Single by Anita Bryant

from the album In My Little Corner of the World
- B-side: "Anyone Would Love You"
- Released: June 1960
- Genre: Pop
- Length: 2:40
- Label: Carlton Records 530
- Songwriters: Bob Hilliard, Lee Pockriss
- Producer: Lew Douglas

Anita Bryant singles chronology
| "Paper Roses" (1960) | "My Little Corner of the World" (1960) | "One of the Lucky Ones" (1960) |

= My Little Corner of the World =

"My Little Corner of the World" (sometimes recorded as "In My Little Corner of the World") is a 1960 love song with music written by Lee Pockriss and lyrics by Bob Hilliard.

==Anita Bryant version==
It was first recorded by singer Anita Bryant in 1960, as "In My Little Corner of the World", and released on the album of the same name. Bryant's version reached number 10 on the Billboard Hot 100 in 1960.

==Marie Osmond version==
It was also recorded by singer Marie Osmond in 1974, again as "In My Little Corner of the World", as the song of her album that also bears the same title. This version was released as a single, and reached the Country Top 40 chart.

==Other versions==
The song has since been recorded by various artists, including:
- Welsh singer Maureen Evans in 1961.
- The song was recorded by Connie Smith for the 1966 album Born to Sing.
- The song was recorded by the indie-rock band Yo La Tengo for their 1997 album I Can Hear the Heart Beating as One.
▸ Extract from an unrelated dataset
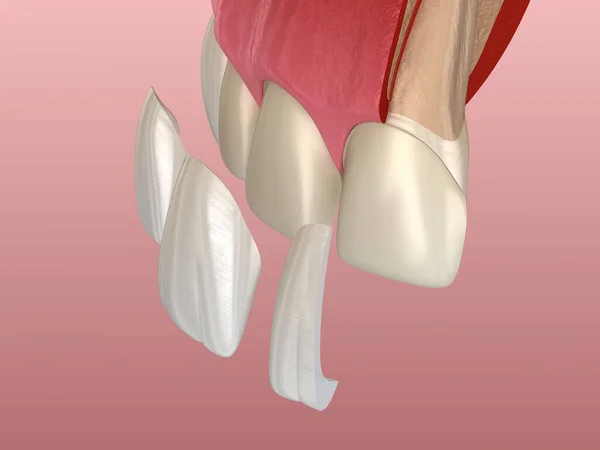 在中央门牙和侧牙上安装嵌板的程序 3D图解 — 图库照片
This version was used on, and inspired the title of, the 2002 soundtrack album for the television show Gilmore Girls, Our Little Corner of the World: Music from Gilmore Girls.
- The song was recorded and released in July 2017 as a backing track for an Air New Zealand inflight safety video. This reinterpreted version was recorded by NZ artist Gin Wigmore (Island Aust./UMA).